(Data section):

────────────────────────────────────────

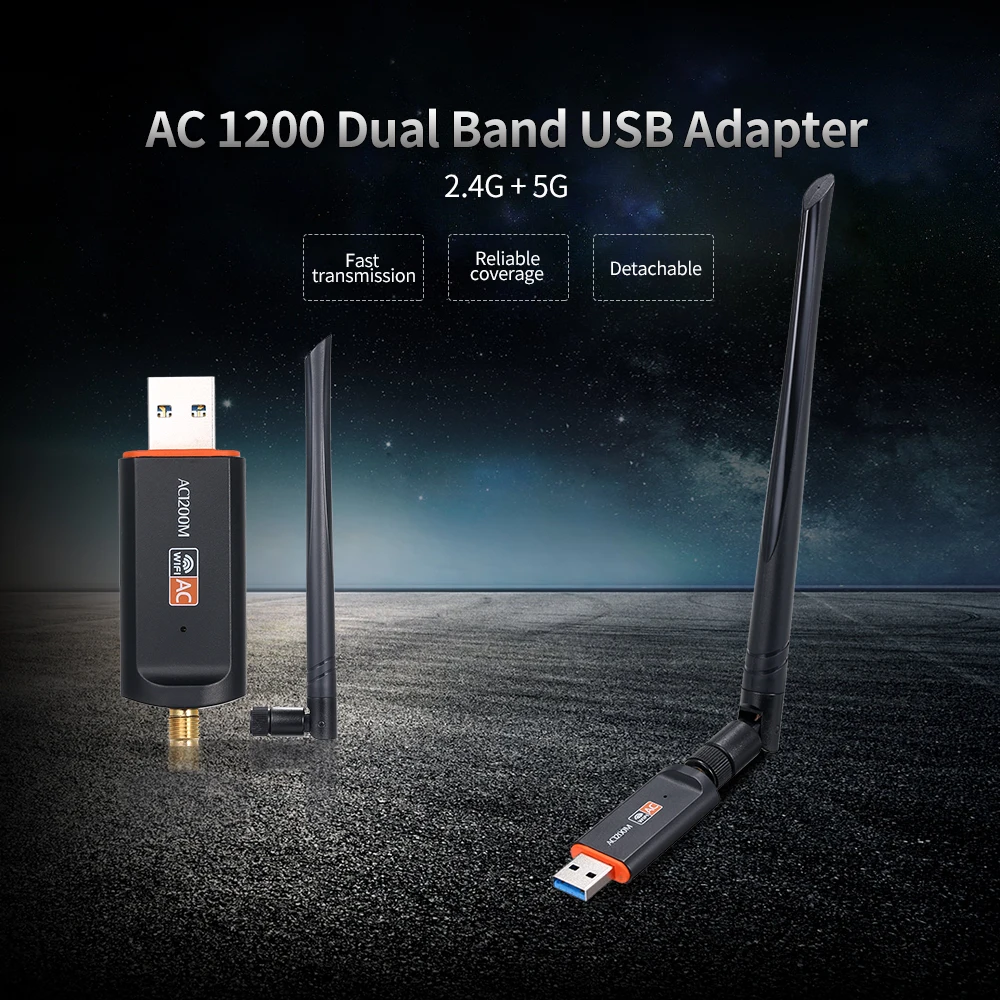 Двухдиапазонный usb-адаптер 1200 M 2,4G+ 5G USB3.0 внешний Беспроводной сетевая карта Wi-Fi приемник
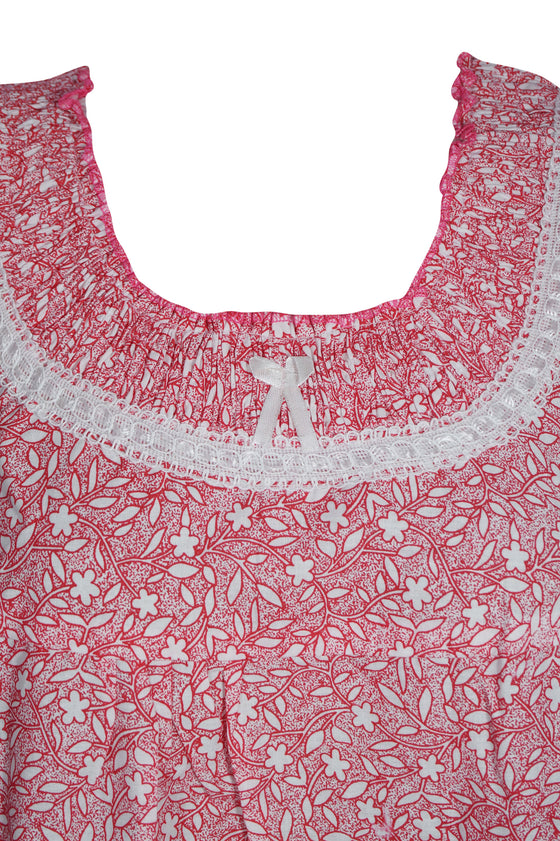 Maxi Caftan Dress, Kaftan, Pink White Floral Printed M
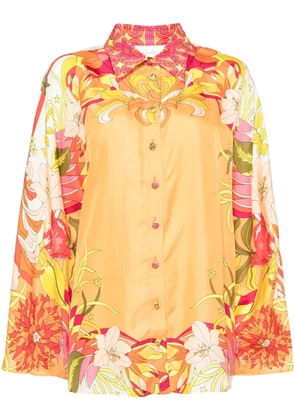 Camilla floral-print silk shirt - Orange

────────────────────────────────────────

Without the pictures, write out all of the material exactly.

 Двухдиапазонный usb-адаптер 1200 M 2,4G+ 5G USB3.0 внешний Беспроводной сетевая карта Wi-Fi приемник
 Maxi Caftan Dress, Kaftan, Pink White Floral Printed M
 Camilla floral-print silk shirt - Orange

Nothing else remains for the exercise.